Return the material below exactly, but only from the line with "Bluebird Stripe wallpaper" through the line with "Patterned Knit Beanie", and without its pictures.

*** INPUT DATA ***

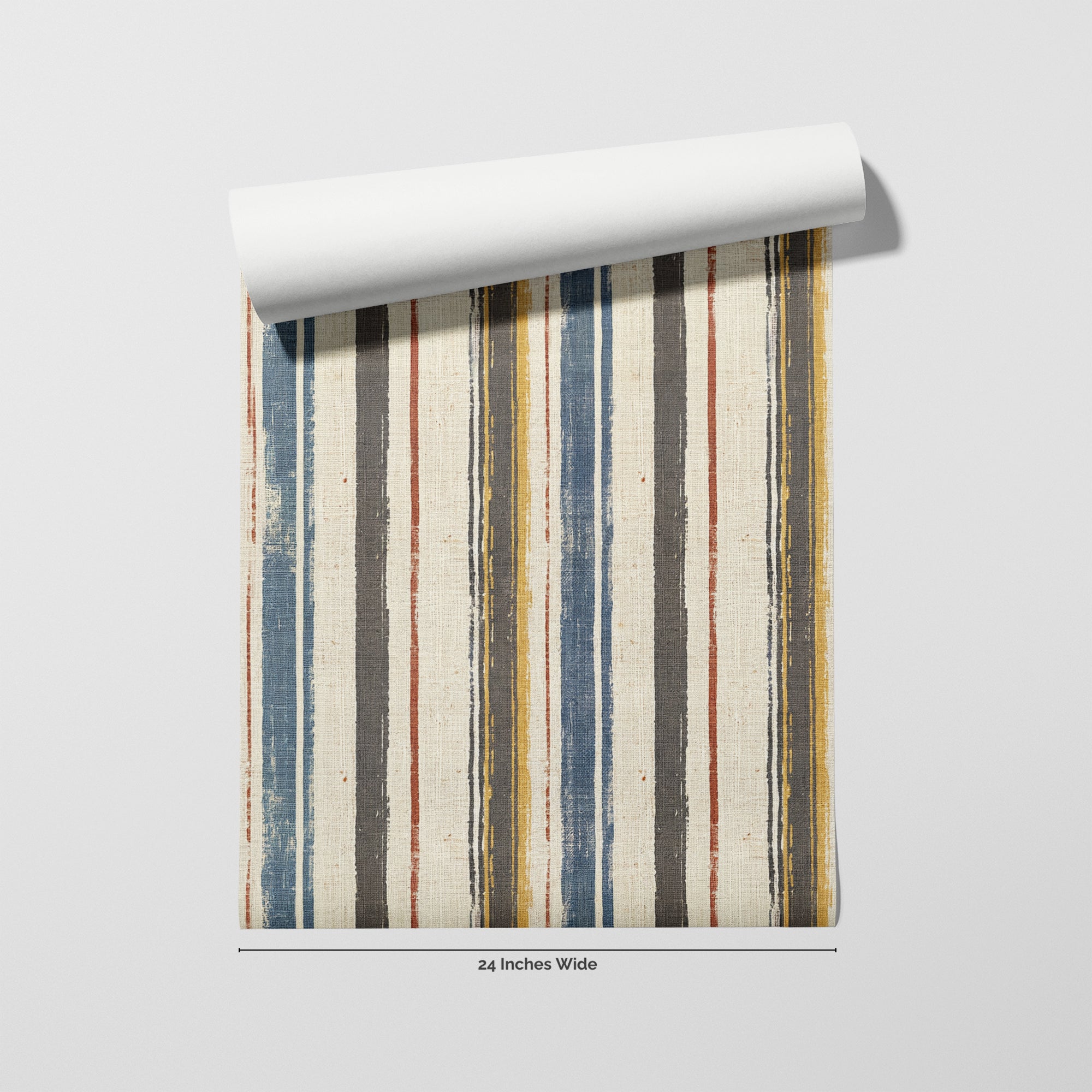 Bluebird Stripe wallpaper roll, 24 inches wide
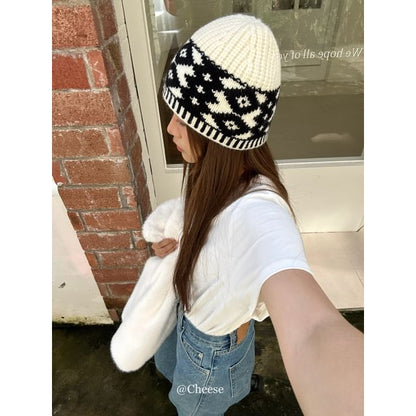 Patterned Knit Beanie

***
*** INPUT DATA ***

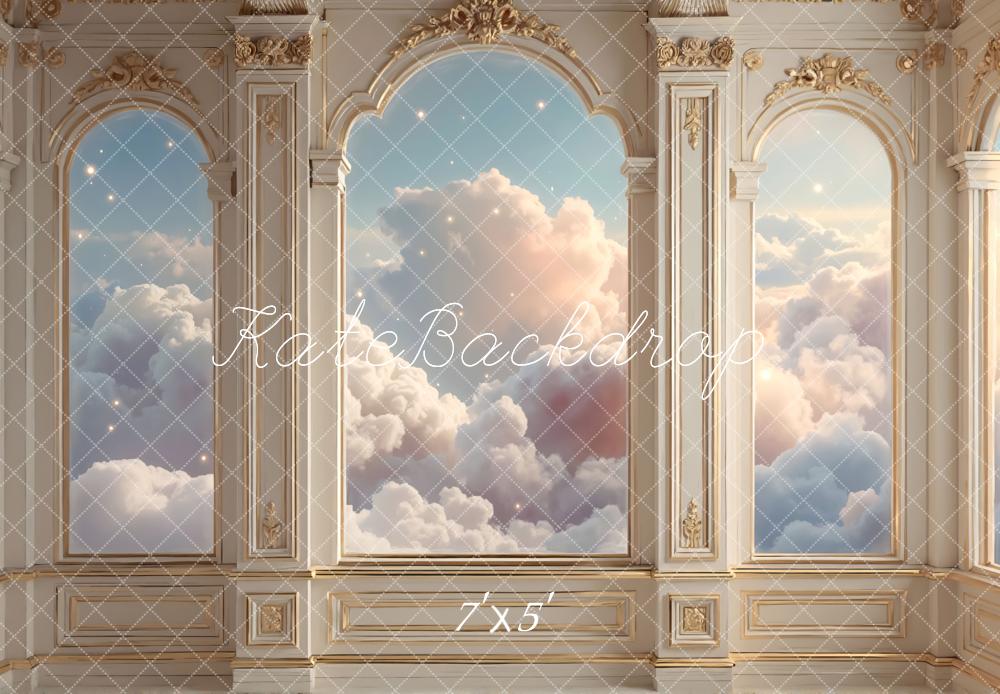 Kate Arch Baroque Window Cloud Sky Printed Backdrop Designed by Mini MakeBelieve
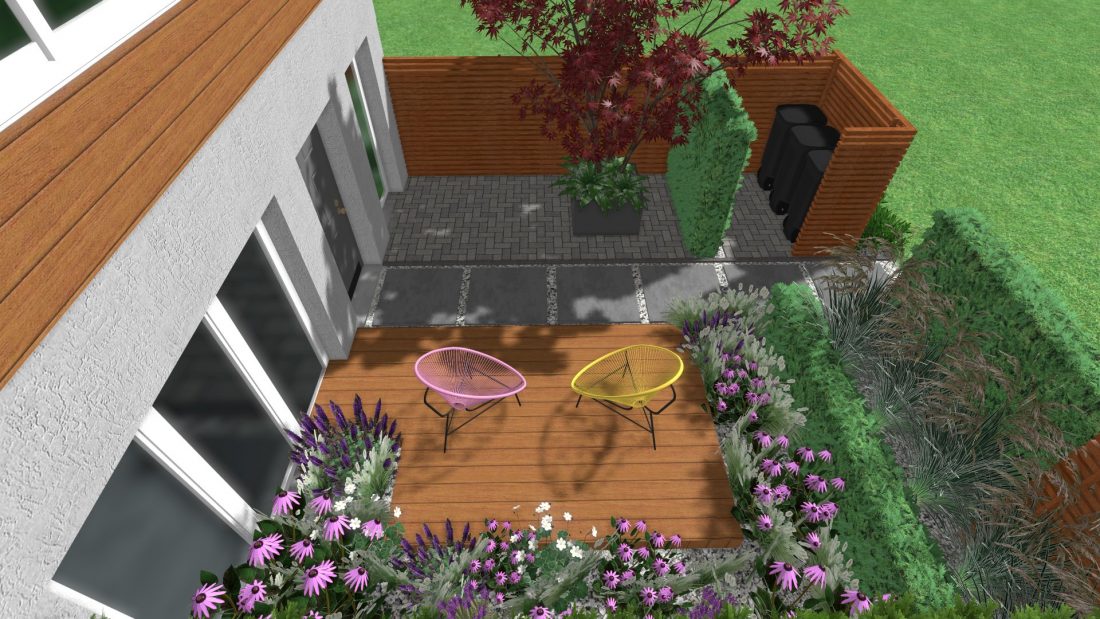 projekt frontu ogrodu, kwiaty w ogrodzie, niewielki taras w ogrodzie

***

» TASK RESPONSE
 Bluebird Stripe wallpaper roll, 24 inches wide
 Patterned Knit Beanie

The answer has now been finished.